Dalam sebuah hadis Rasulullah SAW mengingatkan kita tentang lima perkara sebelum datang lima perkara, yaitu hidup sebelum mati, muda sebelum tua, sehat sebelum sakit, lapang sebelum sempit, dan kaya sebelum miskin. Semua itu mengajarkan kita arti pentingnya produktifitas dalam hidup, etos kerja, dan amal yang tidak sia-sia.
Sebab itu, setiap pergantian waktu yang dilalui seharusnya mengajarkan kita makna hidup. Pertama, pentingnya hijrah atau perubahan. Ketika Rasulullah menjelaskan hakikat hijrah dalam hadis riwayat Bukhari dari Abdullah bin Amr RA, yaitu “meninggalkan kemaksiatan untuk menuju ketaatan kepada Allah”, maknanya adalah perubahan hidup ke arah yang lebih baik. Dan setiap perubahan yang terjadi tentu menuntut kesungguhan dan pengorbanan.

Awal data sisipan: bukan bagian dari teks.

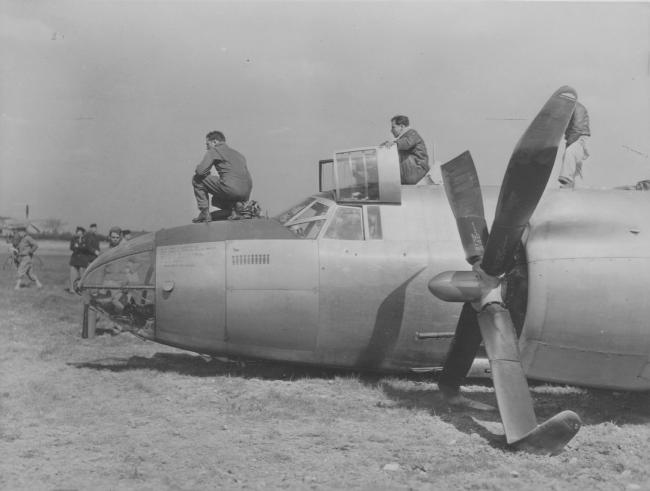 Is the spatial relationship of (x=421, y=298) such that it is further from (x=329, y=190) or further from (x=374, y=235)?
(x=329, y=190)

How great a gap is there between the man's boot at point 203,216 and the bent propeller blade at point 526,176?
4574 mm

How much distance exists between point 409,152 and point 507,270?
342cm

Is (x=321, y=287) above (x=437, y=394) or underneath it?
above

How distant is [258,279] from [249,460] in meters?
3.14

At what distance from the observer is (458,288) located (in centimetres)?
767

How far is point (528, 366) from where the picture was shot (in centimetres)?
777

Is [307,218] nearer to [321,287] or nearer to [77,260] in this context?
[321,287]

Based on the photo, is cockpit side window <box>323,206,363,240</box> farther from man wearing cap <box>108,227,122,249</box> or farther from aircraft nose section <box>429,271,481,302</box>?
man wearing cap <box>108,227,122,249</box>

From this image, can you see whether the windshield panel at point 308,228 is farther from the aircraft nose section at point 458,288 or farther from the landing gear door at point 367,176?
the aircraft nose section at point 458,288

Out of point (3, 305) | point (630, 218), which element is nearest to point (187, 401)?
point (630, 218)

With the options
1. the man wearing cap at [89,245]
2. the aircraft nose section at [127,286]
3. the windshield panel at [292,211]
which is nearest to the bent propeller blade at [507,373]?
the windshield panel at [292,211]

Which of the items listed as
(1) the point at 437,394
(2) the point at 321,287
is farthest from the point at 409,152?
(1) the point at 437,394

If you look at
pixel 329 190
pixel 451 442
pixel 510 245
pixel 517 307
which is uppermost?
pixel 329 190

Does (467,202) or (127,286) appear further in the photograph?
(127,286) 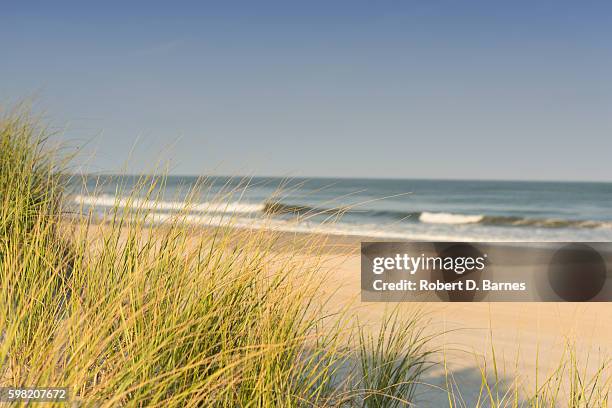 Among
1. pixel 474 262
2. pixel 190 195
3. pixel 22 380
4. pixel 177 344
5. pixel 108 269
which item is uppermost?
pixel 190 195

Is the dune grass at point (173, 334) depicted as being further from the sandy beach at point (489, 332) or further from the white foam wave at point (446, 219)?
the white foam wave at point (446, 219)

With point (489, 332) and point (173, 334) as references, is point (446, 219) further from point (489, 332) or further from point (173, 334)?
point (173, 334)

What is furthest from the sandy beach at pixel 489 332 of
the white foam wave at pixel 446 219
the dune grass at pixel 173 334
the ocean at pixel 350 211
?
the white foam wave at pixel 446 219

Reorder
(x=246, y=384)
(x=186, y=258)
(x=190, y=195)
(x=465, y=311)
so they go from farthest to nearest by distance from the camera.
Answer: (x=465, y=311), (x=190, y=195), (x=186, y=258), (x=246, y=384)

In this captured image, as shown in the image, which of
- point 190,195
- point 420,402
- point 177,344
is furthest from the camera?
point 420,402

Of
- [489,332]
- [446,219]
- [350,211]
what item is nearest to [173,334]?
[350,211]

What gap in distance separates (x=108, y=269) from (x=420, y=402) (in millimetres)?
2144

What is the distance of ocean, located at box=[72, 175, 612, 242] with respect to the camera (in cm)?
340

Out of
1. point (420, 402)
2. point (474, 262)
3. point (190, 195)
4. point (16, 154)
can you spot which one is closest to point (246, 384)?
point (190, 195)

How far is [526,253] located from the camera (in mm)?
15430

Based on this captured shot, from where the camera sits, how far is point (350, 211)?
3.22 metres

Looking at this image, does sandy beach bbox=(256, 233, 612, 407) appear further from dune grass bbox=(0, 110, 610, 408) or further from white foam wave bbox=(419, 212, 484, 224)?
white foam wave bbox=(419, 212, 484, 224)

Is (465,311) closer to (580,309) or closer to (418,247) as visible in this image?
(580,309)

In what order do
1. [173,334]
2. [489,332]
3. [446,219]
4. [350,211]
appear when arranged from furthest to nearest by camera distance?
[446,219] → [489,332] → [350,211] → [173,334] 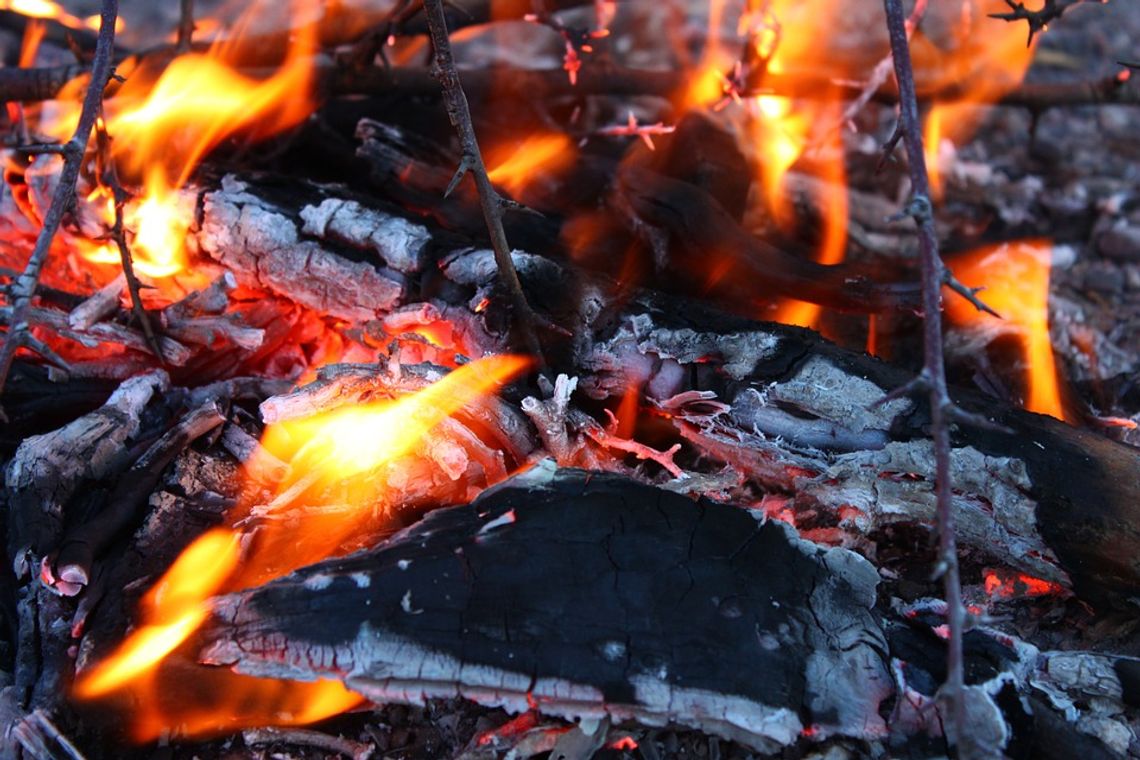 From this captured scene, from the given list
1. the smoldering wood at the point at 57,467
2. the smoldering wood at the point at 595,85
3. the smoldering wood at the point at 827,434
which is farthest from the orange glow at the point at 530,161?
the smoldering wood at the point at 57,467

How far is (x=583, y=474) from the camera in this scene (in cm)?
218

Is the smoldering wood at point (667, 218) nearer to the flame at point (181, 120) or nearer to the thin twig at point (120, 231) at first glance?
the flame at point (181, 120)

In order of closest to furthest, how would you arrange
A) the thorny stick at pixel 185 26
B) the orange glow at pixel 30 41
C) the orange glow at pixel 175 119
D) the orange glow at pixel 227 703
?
the orange glow at pixel 227 703, the orange glow at pixel 175 119, the thorny stick at pixel 185 26, the orange glow at pixel 30 41

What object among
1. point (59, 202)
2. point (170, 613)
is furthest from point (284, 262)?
point (170, 613)

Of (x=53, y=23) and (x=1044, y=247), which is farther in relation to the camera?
(x=53, y=23)

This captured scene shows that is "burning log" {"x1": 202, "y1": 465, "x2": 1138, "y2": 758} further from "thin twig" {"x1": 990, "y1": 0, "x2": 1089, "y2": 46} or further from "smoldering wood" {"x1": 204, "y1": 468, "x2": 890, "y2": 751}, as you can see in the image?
"thin twig" {"x1": 990, "y1": 0, "x2": 1089, "y2": 46}

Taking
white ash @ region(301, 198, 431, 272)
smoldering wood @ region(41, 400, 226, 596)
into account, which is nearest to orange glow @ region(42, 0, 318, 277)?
white ash @ region(301, 198, 431, 272)

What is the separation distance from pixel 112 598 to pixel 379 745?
0.81m

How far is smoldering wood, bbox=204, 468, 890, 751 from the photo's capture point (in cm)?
180

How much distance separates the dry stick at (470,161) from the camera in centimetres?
206

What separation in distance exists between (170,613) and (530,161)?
2370mm

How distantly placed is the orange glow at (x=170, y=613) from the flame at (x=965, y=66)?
A: 158 inches

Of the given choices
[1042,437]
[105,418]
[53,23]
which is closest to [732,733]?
[1042,437]

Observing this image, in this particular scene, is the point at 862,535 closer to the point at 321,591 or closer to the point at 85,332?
the point at 321,591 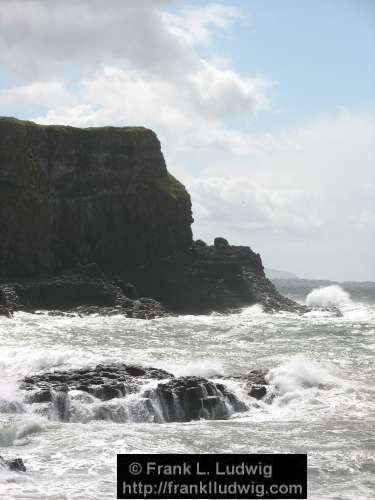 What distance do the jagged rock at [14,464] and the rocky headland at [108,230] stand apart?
51272 millimetres

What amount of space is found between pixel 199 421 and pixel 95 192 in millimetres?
60469

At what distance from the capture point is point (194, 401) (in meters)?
30.8

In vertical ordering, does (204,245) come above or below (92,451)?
above

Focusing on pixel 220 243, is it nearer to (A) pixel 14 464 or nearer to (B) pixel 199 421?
(B) pixel 199 421

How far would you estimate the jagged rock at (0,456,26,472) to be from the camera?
2005 cm

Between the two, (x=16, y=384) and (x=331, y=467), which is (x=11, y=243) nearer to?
(x=16, y=384)

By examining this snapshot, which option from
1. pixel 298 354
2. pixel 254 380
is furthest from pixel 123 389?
pixel 298 354

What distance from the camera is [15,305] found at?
6538 cm

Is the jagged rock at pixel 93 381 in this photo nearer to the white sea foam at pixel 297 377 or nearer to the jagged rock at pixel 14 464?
the white sea foam at pixel 297 377

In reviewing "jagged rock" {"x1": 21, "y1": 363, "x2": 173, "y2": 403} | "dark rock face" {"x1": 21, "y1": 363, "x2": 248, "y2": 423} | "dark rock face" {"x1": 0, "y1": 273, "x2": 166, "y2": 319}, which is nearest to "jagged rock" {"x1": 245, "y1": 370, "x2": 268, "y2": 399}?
"dark rock face" {"x1": 21, "y1": 363, "x2": 248, "y2": 423}

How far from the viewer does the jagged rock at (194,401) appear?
99.2ft

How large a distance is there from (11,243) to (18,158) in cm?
1061

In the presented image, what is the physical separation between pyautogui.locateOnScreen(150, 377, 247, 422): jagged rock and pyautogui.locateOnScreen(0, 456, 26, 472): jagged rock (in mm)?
10209

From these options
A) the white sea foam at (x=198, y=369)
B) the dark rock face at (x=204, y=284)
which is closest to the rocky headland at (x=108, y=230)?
the dark rock face at (x=204, y=284) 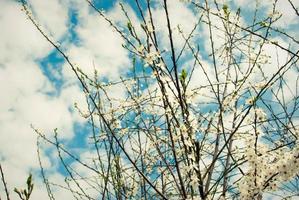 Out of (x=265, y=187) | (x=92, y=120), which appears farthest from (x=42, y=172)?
(x=265, y=187)

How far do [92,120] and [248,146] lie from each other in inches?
75.5

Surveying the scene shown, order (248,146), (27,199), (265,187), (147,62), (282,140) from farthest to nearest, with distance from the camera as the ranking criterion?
(282,140) < (147,62) < (248,146) < (265,187) < (27,199)

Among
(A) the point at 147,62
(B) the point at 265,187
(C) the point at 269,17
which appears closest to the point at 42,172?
(A) the point at 147,62

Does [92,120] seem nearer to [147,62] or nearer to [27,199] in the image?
[147,62]

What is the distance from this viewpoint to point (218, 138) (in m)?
4.29

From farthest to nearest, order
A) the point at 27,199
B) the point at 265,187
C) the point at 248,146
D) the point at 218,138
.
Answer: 1. the point at 218,138
2. the point at 248,146
3. the point at 265,187
4. the point at 27,199

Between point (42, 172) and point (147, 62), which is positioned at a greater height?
point (147, 62)

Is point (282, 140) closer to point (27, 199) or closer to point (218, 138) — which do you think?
point (218, 138)

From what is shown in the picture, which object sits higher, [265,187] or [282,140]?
[282,140]

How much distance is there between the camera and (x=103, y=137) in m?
4.39

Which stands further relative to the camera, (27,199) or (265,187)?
(265,187)

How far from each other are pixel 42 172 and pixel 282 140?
2818mm

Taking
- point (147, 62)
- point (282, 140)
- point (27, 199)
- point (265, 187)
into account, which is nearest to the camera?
point (27, 199)

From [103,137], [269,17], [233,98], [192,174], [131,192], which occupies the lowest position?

Maka sangat brilian Ali bin Abi Tholib RA mengusulkan dan tepat sikap Umar bin Khattab RA menetapkan, perhitungan kalender Islam diambil dari tonggak sejarah hijrahnya Nabi SAW dan kaum Muslimin dari kota Makkah ke Madinah. Karena ini mengajarkan kepada umat Islam betapa pentingnya tekad, usaha, kesungguhan, dan pengorbanan dalam kehidupan.
Kalender Islam tidak ditetapkan dari sejarah kelahiran atau kematian Rasulullah. Tidak pula diambil dari sejarah gemilangnya fathul makkah, dan atau berdasarkan nama. Sebab Islam mengajarkan kemuliaan manusia tidak diukur dari garis keturunan. Meratapi kematian dan hanyut dalam kesedihan adalah terlarang. Euforia kemenangan masa lalu bisa ‘membunuh’ masa depan. Lalu menyebut kalender Islam dengan nama seseorang khawatir mengandung unsur kultus dan pemujaan.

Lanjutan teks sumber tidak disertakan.